On September the 11th, 2001, we learned that things were definitely better on September 10th. In this time of great ferment [pause here for polite laughter and muted applause] we are making great strides in the beer brewing sector. But this progress is not being matched in the remainder of the beer economy. We have seen lackluster performance particularly in the beer-drinking, beer-writing, and beer-regulating sectors. But I have a plan to stimulate these underperforming sectors. My opponents, they’ll tell you what’s wrong with this great economy, and they’ll try to tear down my plan. But do they have a plan? If they have a plan, I didn’t get the memo. Heh. [Smile, or grimace, here.] And they don’t mind smearing the reputation of a lot of good men, a lot of good brewers (and some of them are women, Laura told me to make sure I said that), and you’ll see that, when the going gets tough – and it’s hard work, very hard work – that, well, the ones who aren’t that tough are undercalculating our firm resolve to, eh, resolve this firmly, and with firm resolve. Everything changed on September the 11th, 2001. The American people elected me to protect them from bad beer, and that’s my job. The American people must understand that I will do my job, whatever it takes. They have a right to understand that. [Pause for emphasis, and fix a stern look in the direction of the camera. If no one applauds, just keep going like you didn’t expect them to applaud anyway.] And I will continue with my job-doing until it’s accomplished. And that’s the lesson of September 11th, 2001.

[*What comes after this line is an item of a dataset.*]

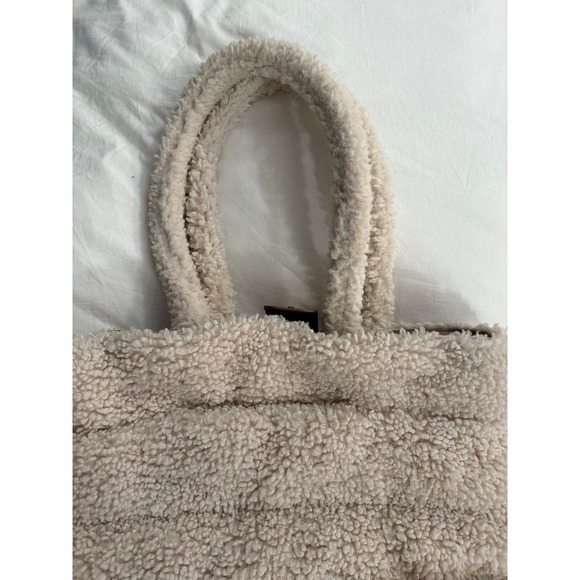 Sherpa quilted faux shearling tote bag cream beige teddy cute coquette cozy - Picture 5 of 10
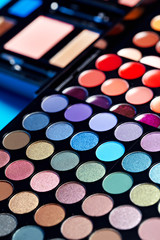 Make-up colorful eyeshadow palettes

Oh, goshdarnit, I was just about to get to the controversial, inflammatory stuff, and now they’re telling me it’s time to go on back to the ranch. We’ll have to take up some of these hot issues next time. Please stay tuned for my State of the Union Address, Part Deux, coming soon. [Pause briefly for barely stifled yawning and a smattering of low boos and hisses.]

I would like to conclude by saying that, as always, the answer to our pressing problems, the key to our continued growth, is: Tax cuts. [Lengthy pause for rousing standing O.] Or, if not that: Good, clean, nucular energy.

We will not surrender to evil. I don’t want to say that it will be hard work, but I will say that it will be difficult – definitely not easy work. Freedom is on the march, but there will be some painful calluses and hideous, oozing blisters along the way.

Thank you, and good night. God bless all of you. And God bless beer.

[Exit promptly, smiling continually, and move toward the back door – it will be unlocked. Don’t answer any questions from anybody.]